_Task to complete_. Identify and pull out each line of the entries in which "Christmas" occurs.

======== Provided data

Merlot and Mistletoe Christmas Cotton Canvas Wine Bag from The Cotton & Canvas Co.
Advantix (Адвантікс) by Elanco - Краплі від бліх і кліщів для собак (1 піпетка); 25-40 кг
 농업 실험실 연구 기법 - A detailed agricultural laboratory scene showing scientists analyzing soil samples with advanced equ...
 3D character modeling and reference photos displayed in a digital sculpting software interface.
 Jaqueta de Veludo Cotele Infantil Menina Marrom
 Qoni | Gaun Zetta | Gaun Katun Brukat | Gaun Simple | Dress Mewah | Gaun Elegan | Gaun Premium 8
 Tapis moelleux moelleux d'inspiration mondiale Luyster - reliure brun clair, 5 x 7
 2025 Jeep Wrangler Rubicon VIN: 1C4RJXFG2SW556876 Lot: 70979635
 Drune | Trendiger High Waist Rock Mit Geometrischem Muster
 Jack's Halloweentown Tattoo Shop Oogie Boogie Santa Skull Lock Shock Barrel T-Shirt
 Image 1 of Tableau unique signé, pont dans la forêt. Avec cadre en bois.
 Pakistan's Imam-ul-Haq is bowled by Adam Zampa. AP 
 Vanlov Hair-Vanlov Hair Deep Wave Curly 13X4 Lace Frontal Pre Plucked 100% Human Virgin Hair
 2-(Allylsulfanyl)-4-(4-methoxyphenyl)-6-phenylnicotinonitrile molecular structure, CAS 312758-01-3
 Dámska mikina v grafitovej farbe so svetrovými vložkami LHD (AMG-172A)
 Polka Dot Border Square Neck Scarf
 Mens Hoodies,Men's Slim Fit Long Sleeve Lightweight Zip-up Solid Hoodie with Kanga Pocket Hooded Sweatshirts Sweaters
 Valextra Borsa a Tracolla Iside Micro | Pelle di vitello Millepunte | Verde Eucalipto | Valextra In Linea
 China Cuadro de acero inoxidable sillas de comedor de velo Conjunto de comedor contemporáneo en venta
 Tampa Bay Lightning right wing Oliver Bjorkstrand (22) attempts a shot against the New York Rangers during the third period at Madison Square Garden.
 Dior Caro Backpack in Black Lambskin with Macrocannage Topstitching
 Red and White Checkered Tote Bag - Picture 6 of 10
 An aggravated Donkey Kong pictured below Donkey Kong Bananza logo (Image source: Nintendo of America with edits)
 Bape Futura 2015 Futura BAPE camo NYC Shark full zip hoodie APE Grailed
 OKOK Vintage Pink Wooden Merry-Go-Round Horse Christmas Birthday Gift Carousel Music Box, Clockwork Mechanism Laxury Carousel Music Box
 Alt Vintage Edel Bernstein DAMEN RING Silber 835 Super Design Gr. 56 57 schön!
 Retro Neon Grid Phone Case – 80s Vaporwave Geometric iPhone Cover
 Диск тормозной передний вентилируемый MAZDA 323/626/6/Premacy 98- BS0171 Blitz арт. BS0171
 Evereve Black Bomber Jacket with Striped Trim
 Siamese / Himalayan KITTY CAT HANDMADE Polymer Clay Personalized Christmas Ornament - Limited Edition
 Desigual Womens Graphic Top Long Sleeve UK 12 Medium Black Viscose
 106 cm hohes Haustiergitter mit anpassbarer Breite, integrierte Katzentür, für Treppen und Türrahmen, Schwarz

================

_Task result_.
Merlot and Mistletoe Christmas Cotton Canvas Wine Bag from The Cotton & Canvas Co.
 OKOK Vintage Pink Wooden Merry-Go-Round Horse Christmas Birthday Gift Carousel Music Box, Clockwork Mechanism Laxury Carousel Music Box
 Siamese / Himalayan KITTY CAT HANDMADE Polymer Clay Personalized Christmas Ornament - Limited Edition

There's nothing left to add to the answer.